Left bit shifting 255 (as a byte)

Question

Can anyone explain why the following doesn't compile?

byte b = 255 << 1

The error:

Constant value '510' cannot be converted to a 'byte'

I'm expecting the following in binary:

1111 1110

The type conversion has stumped me.

Answer 1

255 << 1

will give you more than one byte.

Answer 2

have you tried casting it?

byte b = (byte)(255 << 1)

---

This is an interesting approach - the above code will work if wrapped in a unchecked block like this:

unchecked
{
    byte b = (byte)(255 << 1);
}

Since it is unchecked the value is truncated to the intended value of 254. So it is possible to do this with a cast!

Answer 3

You are shifting 255 by 1 bit, then trying to assign it to a byte. 255 << 1 is 510, and 510 won't fit in to a byte.

Answer 4

Numeric literals in C# are int, not byte (and the bit shift will be evaluated by the compiler, hence only the 510 remains). You are therefore trying to assign a value to a byte which does not fit. You can mask with 255:

byte b = (255 << 1) & 0xFF

to reduce the result to 8 bits again. Unlike Java, C# does not allow overflows to go by undetected. Basically you'd have two sensible options when trying to assign 510 to a byte: Either clamp at the maximum value, then you'd get 255, or throw away the bits that do not fit, in which case you'd get 254.

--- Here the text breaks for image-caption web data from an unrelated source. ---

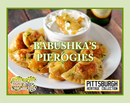 Babushka's Pierogies Artisan Handcrafted Natural Organic Eau de Parfum Solid Fragrance Balm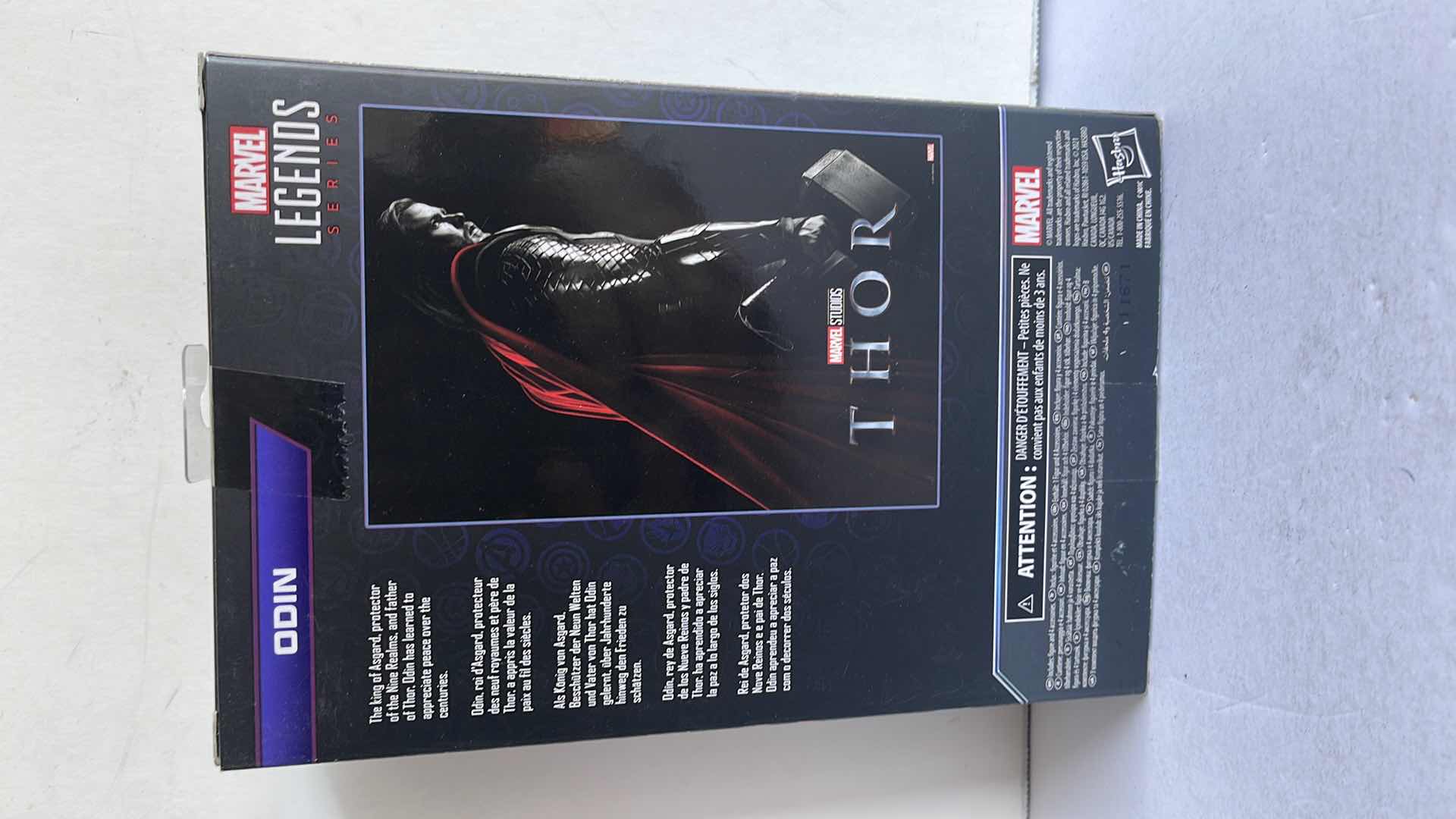 Photo 1 of NIB MARVEL STUDIOS THOR LEGEND SERIES ODIN MSRP $19.99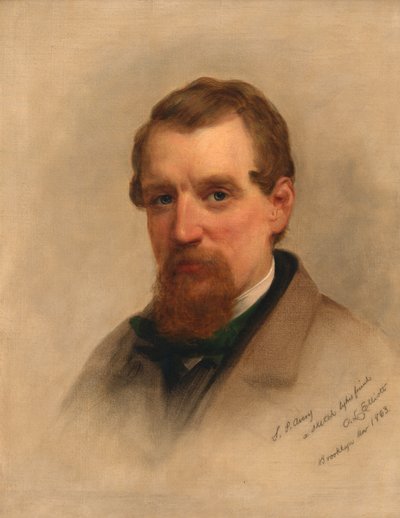 Samuel Putnam Avery, 1863 da Charles Loring Elliott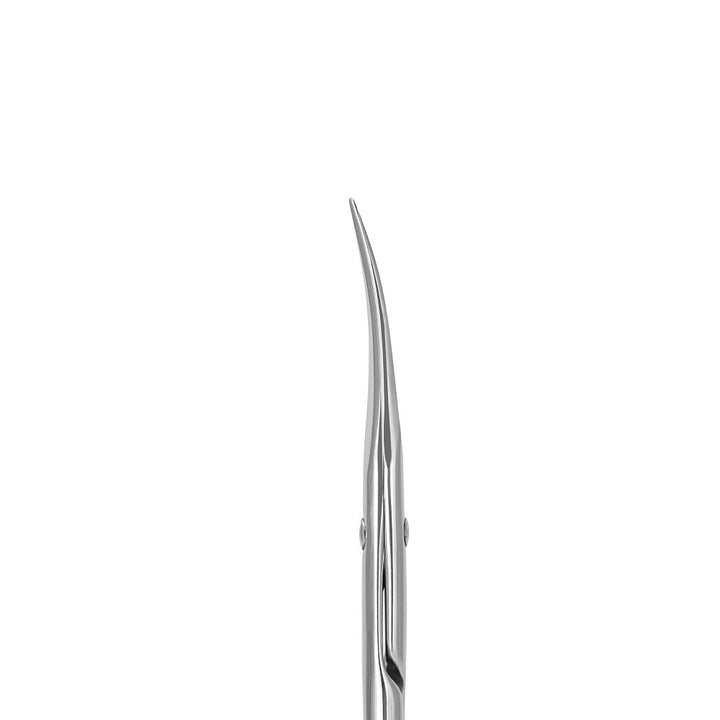 Staleks Exclusive Cuticle Scissors with Curved Blades Magnolia 22 Type 1 — blade 21 mm | U-tools
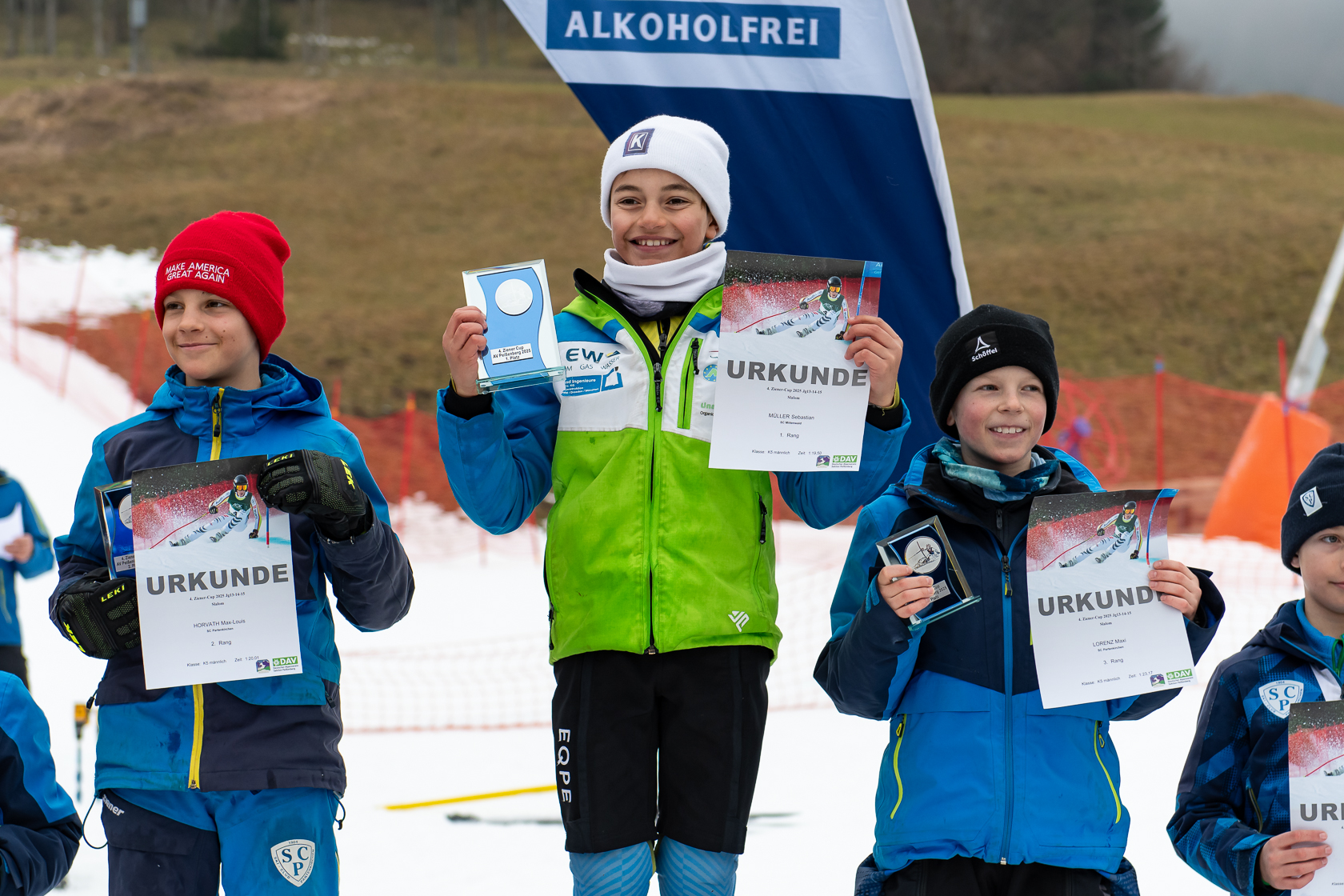 Ziener Cup Werdenfels U8,U10,U12,  01.02.2025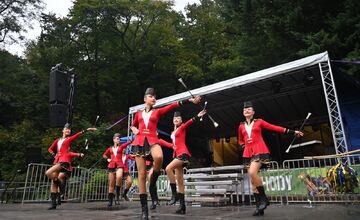 FOTO: Karloveské hody opäť prilákali stovky návštevníkov. Takáto atmosféra tam panovala
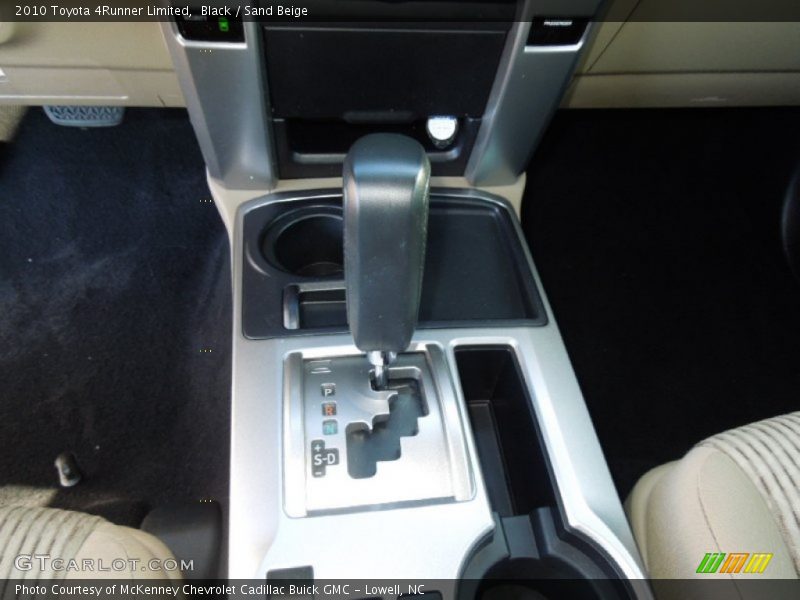 Black / Sand Beige 2010 Toyota 4Runner Limited
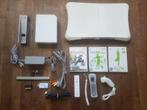 Nintendo Wii, HDMI, motion plus, balanceboard en spellen, Ophalen of Verzenden, Gebruikt, Met 1 controller, Met games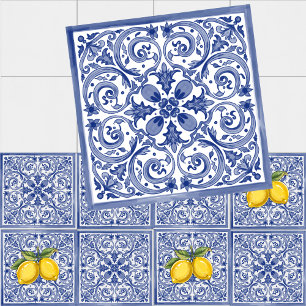 Dolce Vita Meditarrean Blue Italian Tiles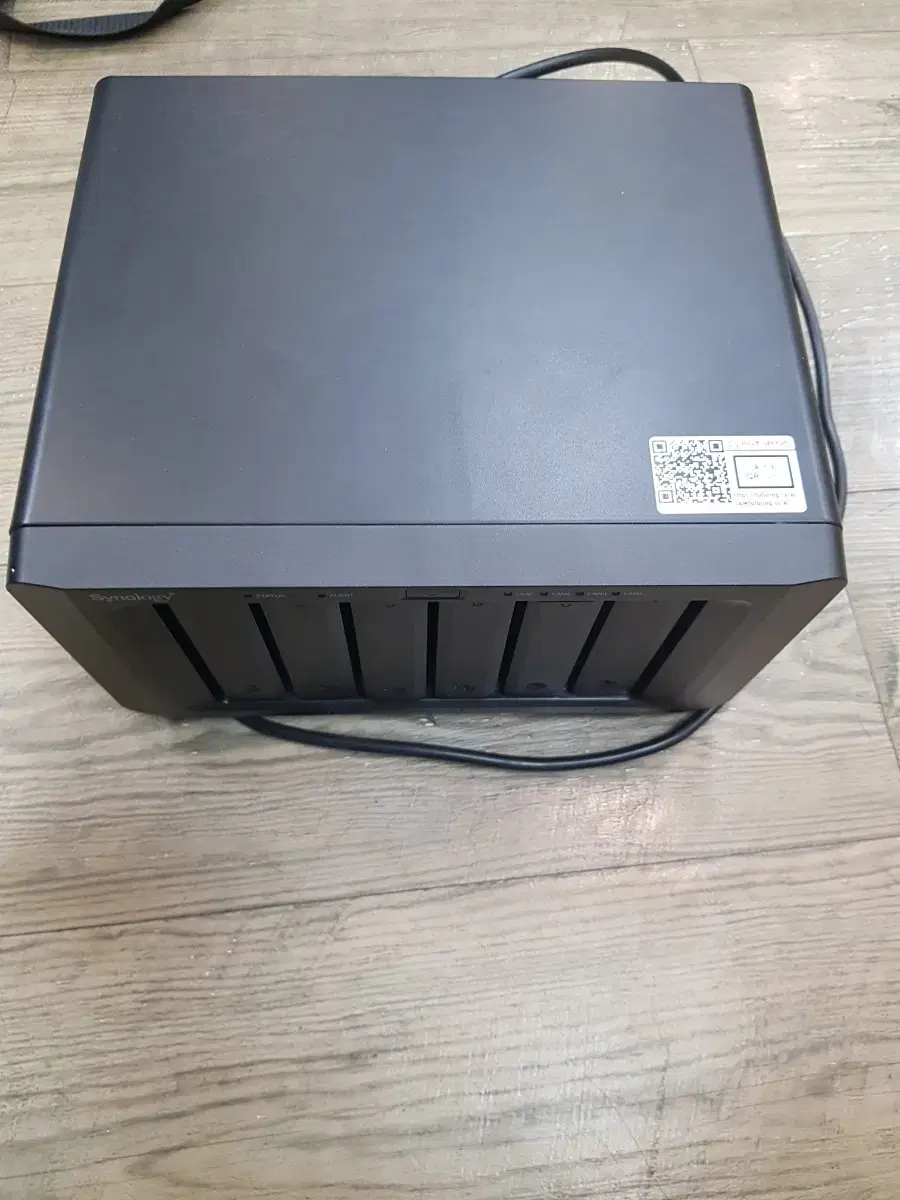 SYNOLOGY DS1621+ 48테라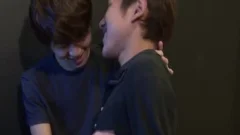 Railed twink shoots cum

You can also use unchecked, as lassevk mentioned:

byte b = unchecked((byte)(255 << 1));

Answer 5

byte b = 0xff & (255 << 1);

Answer 6

The result of the << operator is an Int32, not what you put into it.

You need to cast the result of the shift, not the input. Additionally, it will produce an overflow (it is larger than a byte afterall), so you need to specify that you need an unchecked cast.

In other words, this will work:

Byte b = unchecked((Byte)(255 < 1));

Answer 7

And since << has a higher precedence than & you can save the brackets:

byte b = 255 << 1 & 0xff;